* [AIM OF THE TASK]: Transcribe, word for word, all of the entries below, and exclude any pictures from the copy.

□ □ □ □ □ □ □

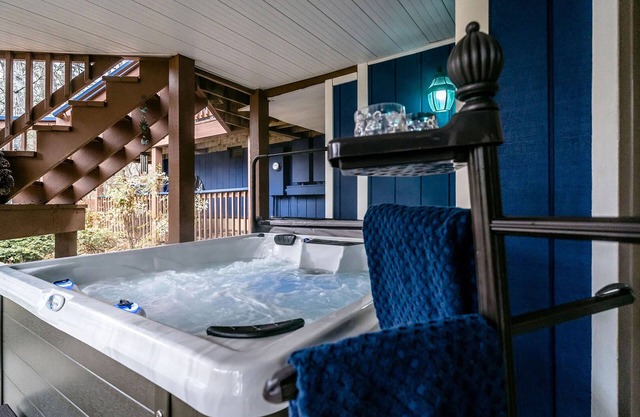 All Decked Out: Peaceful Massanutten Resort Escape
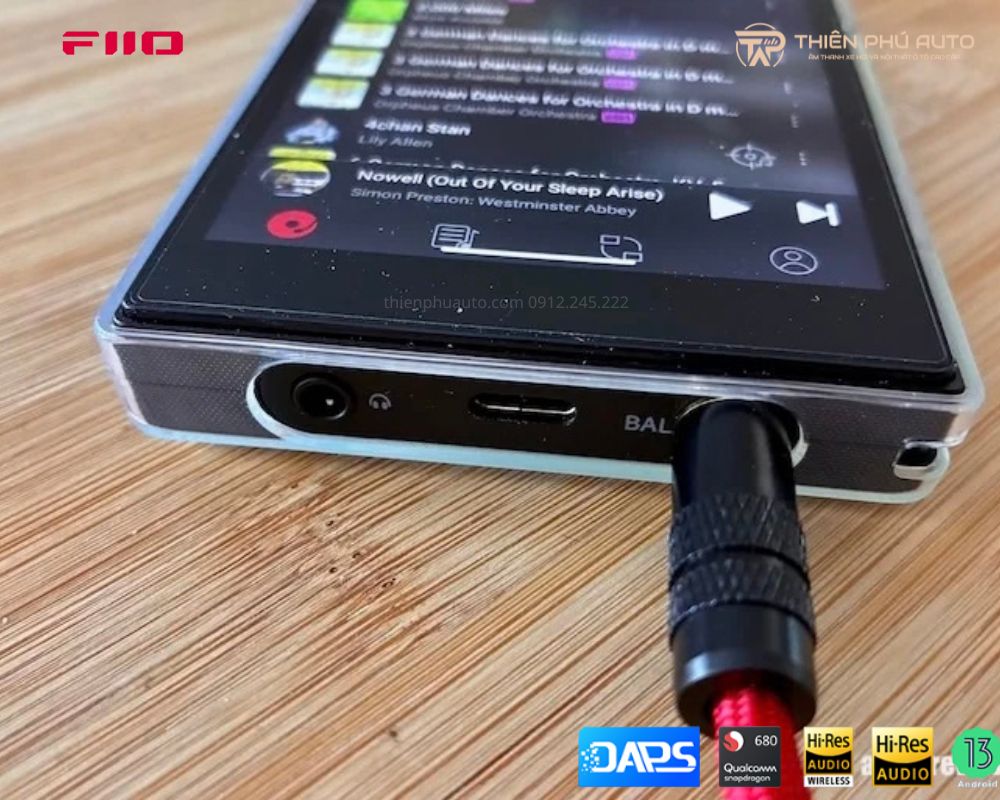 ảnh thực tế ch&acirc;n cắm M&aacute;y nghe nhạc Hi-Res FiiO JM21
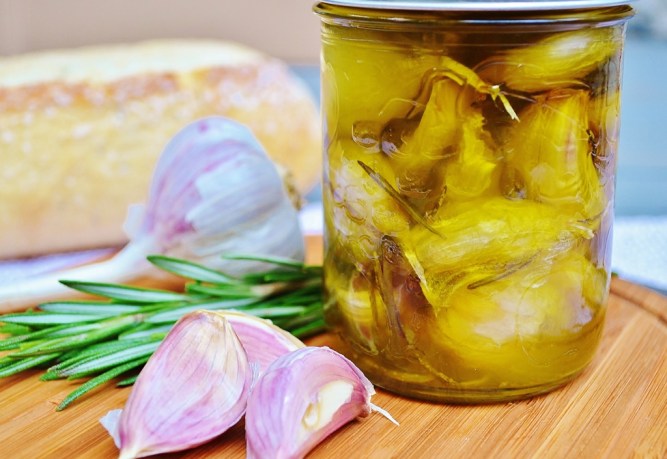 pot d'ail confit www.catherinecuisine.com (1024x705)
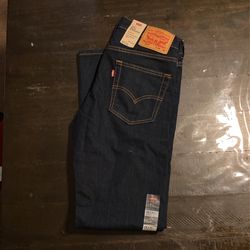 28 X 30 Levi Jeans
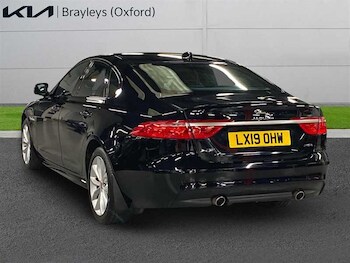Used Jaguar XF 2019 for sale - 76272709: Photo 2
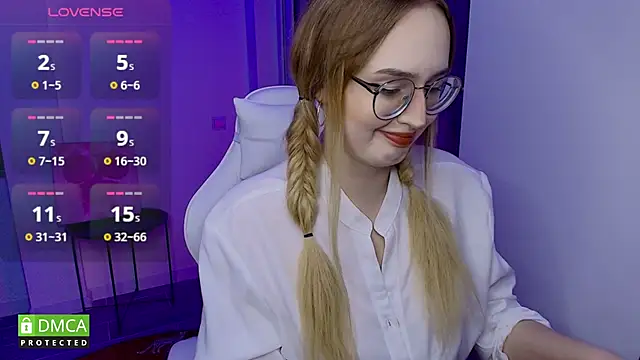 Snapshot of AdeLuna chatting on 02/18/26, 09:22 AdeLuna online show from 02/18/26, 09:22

□ □ □ □ □ □ □

* [OUTPUT FOR THIS EXERCISE]:
 All Decked Out: Peaceful Massanutten Resort Escape
 ảnh thực tế ch&acirc;n cắm M&aacute;y nghe nhạc Hi-Res FiiO JM21
 pot d'ail confit www.catherinecuisine.com (1024x705)
 28 X 30 Levi Jeans
Used Jaguar XF 2019 for sale - 76272709: Photo 2
 Snapshot of AdeLuna chatting on 02/18/26, 09:22 AdeLuna online show from 02/18/26, 09:22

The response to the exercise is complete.